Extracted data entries
= Beginning of Section =

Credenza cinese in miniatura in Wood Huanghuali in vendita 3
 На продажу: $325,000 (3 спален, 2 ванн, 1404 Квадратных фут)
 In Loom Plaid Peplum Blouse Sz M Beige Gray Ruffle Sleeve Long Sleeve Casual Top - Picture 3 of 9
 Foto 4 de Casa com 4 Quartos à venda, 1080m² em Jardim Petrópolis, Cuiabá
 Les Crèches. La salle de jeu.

= End of Section =

▶ _Task to carry out_: Every record above is to be transcribed exactly as written.

▶ _Response_:
Credenza cinese in miniatura in Wood Huanghuali in vendita 3
 На продажу: $325,000 (3 спален, 2 ванн, 1404 Квадратных фут)
 In Loom Plaid Peplum Blouse Sz M Beige Gray Ruffle Sleeve Long Sleeve Casual Top - Picture 3 of 9
 Foto 4 de Casa com 4 Quartos à venda, 1080m² em Jardim Petrópolis, Cuiabá
 Les Crèches. La salle de jeu.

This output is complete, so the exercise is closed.